Some blue-sky thinkers are questioning the relationship of cities and existing political boundaries. The modern U.S. economy is really made up of metropolitan regions, not states whose boundaries are arbitrary compared to local economies. A 2009 study identified eleven “megaregions” in the United States with 31 percent of all U.S. counties but 74 percent of the nation’s population and an estimated 80 percent of employment growth by the year 2025. Others have called for a restoration of cities’ annexing powers or greater metropolitan consolidation; reducing suburbs’ power over zoning, housing, and de facto segregated school systems; and limiting poor urban residents’ access to suburban-based jobs.

But perhaps the most radical idea would replace states with city-states — political regions centered on the real economy of cities and metropolitan areas.

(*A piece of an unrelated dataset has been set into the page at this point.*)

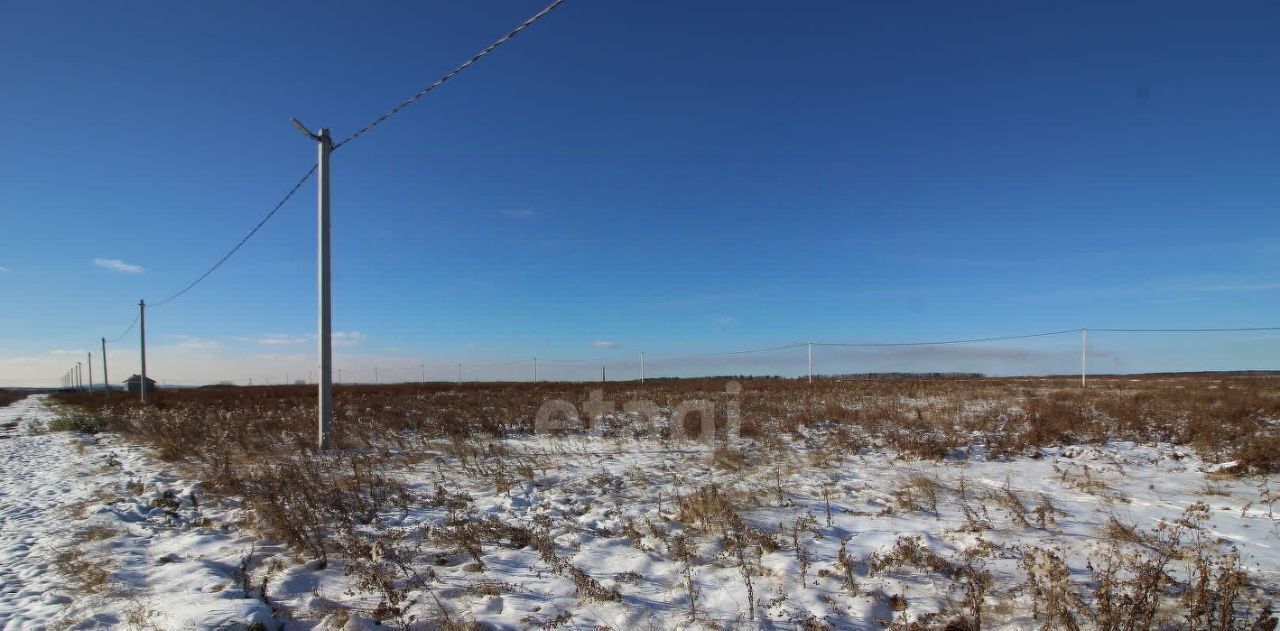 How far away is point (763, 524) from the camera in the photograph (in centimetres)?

This would align regional economies with political boundaries and eliminate states’ anti-urban bias and their excessive political influence. A 2016 economic geography analysis sorted the lower forty-eight states into fifty-five economically based regions, each centered on a region’s major city and commuting patterns. The map effectively outlines a nation of city-states reflecting America’s real economic relationships instead of the noneconomic jurisdictions of counties and states, which favor rural and suburban political power over cities.

Redrawing America into city-states also could lessen the power of suburbs or encourage them to be more cooperative. It would allow better delivery of public services but also lead to more equal sharing of regional economic costs. Simply engaging in this admittedly impractical thought experiment reveals the deep spatial misalignment of America’s economics and politics. While cities drive regional and national economic growth, innovation, and prosperity, their political geography means they cannot effectively deal with inequality, poverty, and other social and economic problems.

State restrictions on city autonomy often preempt city policies that promote equity. Can long-standing state hostility to cities be reversed, turning states toward more progressive directions? Drawing on lessons from Los Angeles and elsewhere, economist Manuel Pastor points to progressive labor, immigration, climate, and voting policies in California that are driven by “intersectional movements” with a long-term “coherent economic vision.” Pastor is hopeful, saying that “California is America, only sooner.” In New York and New Jersey, unified Democratic control of state governorships and legislatures, rooted in urban votes, has led to more aggressive action on climate, labor, and tenants’ rights, although initially doing little on housing construction or equitable economic development.

But other states lag far behind, retaining their anti-urban bias. The so-called Texas Triangle, bounded by Dallas–Fort Worth, Austin–San Antonio, and Houston, produces over 75 percent of the state’s GDP and has over 65 percent of the state’s population, but it lacks proportionate political power. Given America’s history and political infrastructure that puts cities at a disadvantage, federal housing and transportation policies that continue shaping the nation’s urban form in favor of sprawl and sub-urbanization, state political control over cities, and the ever-continuing damage caused by racial segregation and conflict, local steps ultimately will not be enough.

Although voting patterns suggest suburbs in large metros can sometimes align with central cities, that cooperation historically has never included revenue sharing, school desegregation, or widespread housing integration. Some states pursued extensive legislative redistricting after the 2020 census, further weakening city and suburban minority populations by diluting their votes. Using a technique known as “cracking” — splitting city populations into separate districts — Tennessee is allocating Nashville’s population across three separate congressional districts, all of which observers expect to be won by Republicans.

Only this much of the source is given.